I just finished the adding new site, I expect when applying the ingress as suppose a managed clustering will create a loadBalancer automatically, which sadly it didn’t, could it be a missing service.yaml file from the example repository

install the Welcome - NGINX Ingress Controller. it will add the load balancer.

adding the Ingress with appropriate annotations will use the previously installed loadbalancer instead of adding one more.

hi Revant,
I was digging the cause of this issue and found that the create new site did stop with the error.

message: Job has reached the specified backoff limit
reason: BackoffLimitExceeded
status: “True”
type: Failed
failed: 2

and also this error show up when the backofflimit set to 1

Failed to create pod sandbox: rpc error: code = Unknown desc = failed to set up sandbox container “11cdc73b1c270b782b778d484086206d49639799bff54370d33378e9d5f83395” network for pod “create-new-site--com-fvh2q": networkPlugin cni failed to set up pod "create-new-site--com-fvh2q_erpnext” network: error adding host side routes for interface: calif34ae3ebea5, error: route (Ifindex: 37, Dst: 10.2.0.27/32, Scope: 253) already exists for an interface other than ‘calif34ae3ebea5’

i you cannot create re create same job

kubectl delete jobs -n <namespace> <job> to delete jobs

make sure to add FORCE=1 to overwrite the already existing/created site

sorry, with my short experience I didn’t get it where to add FORCE=1 to overwrite the already existing site.

you mean this;

kubectl -n erpnext replace --force -f create-*-com.yaml

job.batch "create-new-site--com" deleted
job.batch/create-new-site-
-com replaced

FORCE is environment variable passed to container that creates new site

for job, I think you can’t patch it, you need to delete and add new or replace it.

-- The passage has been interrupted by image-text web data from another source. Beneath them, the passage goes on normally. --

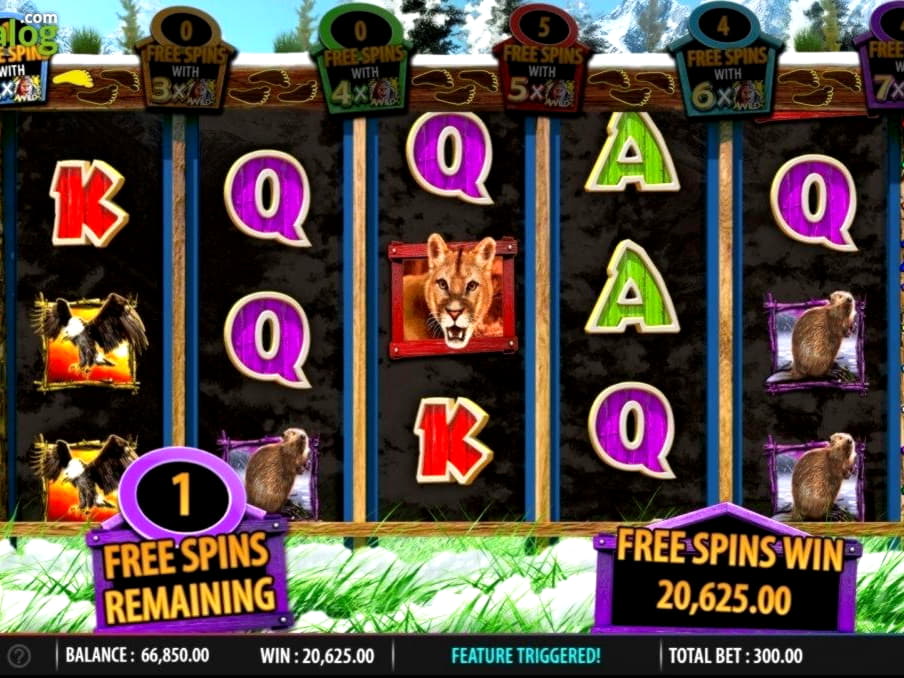 $1955 no deposit bonus casino at Wild Slots Casino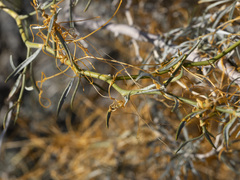 Cuscuta psorothamnensis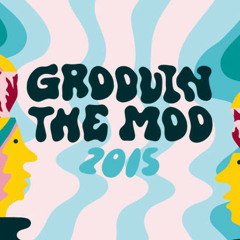 Groovin' The Moo 2015 - MiniMix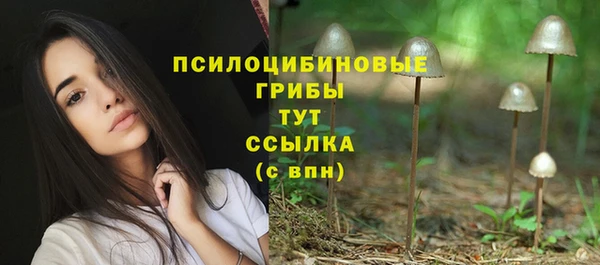гидра Алзамай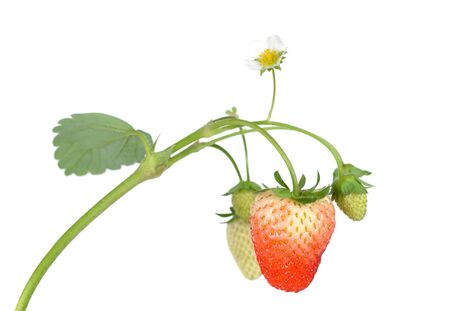  young strawberry with flower on vine isolated on white の写真素材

I deleted the new site job pod, then I reviewed the listed examples in the github,
templates
and tried to rebuild the yaml file, I end up with two pods one for (frappe/erpnext-nginx:v13.16.1) is working fine the second for (frappe/erpnext-worker:v13.16.1) which return the same error _ Job has reached the specified backoff limit. plus the load balancer is not generated.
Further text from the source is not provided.